Walaupun Iman memiliki karier sebagai seniman, ia tidak pernah melupakan mimpinya untuk mengejar pendidikan ke jenjang yang lebih tinggi. Iman memilih untuk mendaftar kuliah di Universitas Kristen Maranatha di Program Sarjana Seni Rupa Murni dan berhasil masuk pada tahun 2019. Pemilik Budiman Gallery Arts Jelekong ini menuturkan alasannya memilih berkuliah, yaitu untuk menambah pengetahuan teori yang nantinya bisa dibagikan kepada seniman lain di desanya.

“Setelah kuliah di Maranatha, saya menjadi lebih percaya diri karena saya diajarkan tidak hanya melukis, tetapi juga mata kuliah lain, seperti arsitektur, interior, dan desain komunikasi. Dari belajar, saya mendapatkan kepercayaan diri untuk melakukan banyak proyek-proyek besar, seperti membangun gapura, hingga rumah-rumah para seniman,” ungkap Iman secara virtual dalam acara Santuy Sore #8 pada Sabtu, 11 September 2021 lalu.

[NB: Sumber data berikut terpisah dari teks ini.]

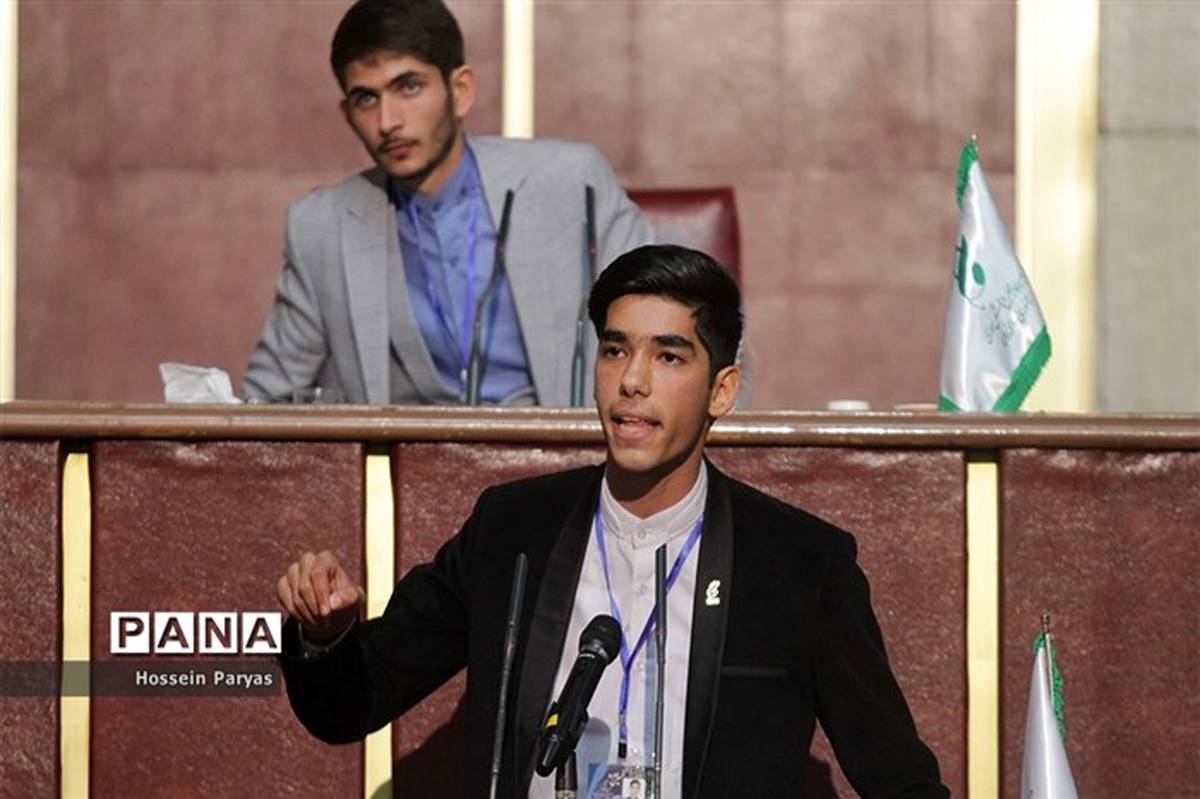دانش آموز خوزستانی به عنوان مشاور وزیر منصوب شد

Di pihak lain, Retty mulai berkuliah di UK Maranatha ketika menginjak usia 44 tahun. Tahun 2003, Retty yang hobi membaca mulai mencari-cari universitas yang bisa menerima mahasiswa dengan usia sepertinya. Retty yang awalnya berencana mendaftar di Fakultas Psikologi, kemudian memilih untuk mendaftar di Fakultas Seni Rupa dan Desain karena kesukaannya pada bidang seni. Meskipun sempat merasa takut karena rata-rata mahasiswanya sepantaran dengan anaknya, Retty meyakinkan dirinya untuk tetap melanjutkan pendaftaran sampai akhirnya dinyatakan lulus.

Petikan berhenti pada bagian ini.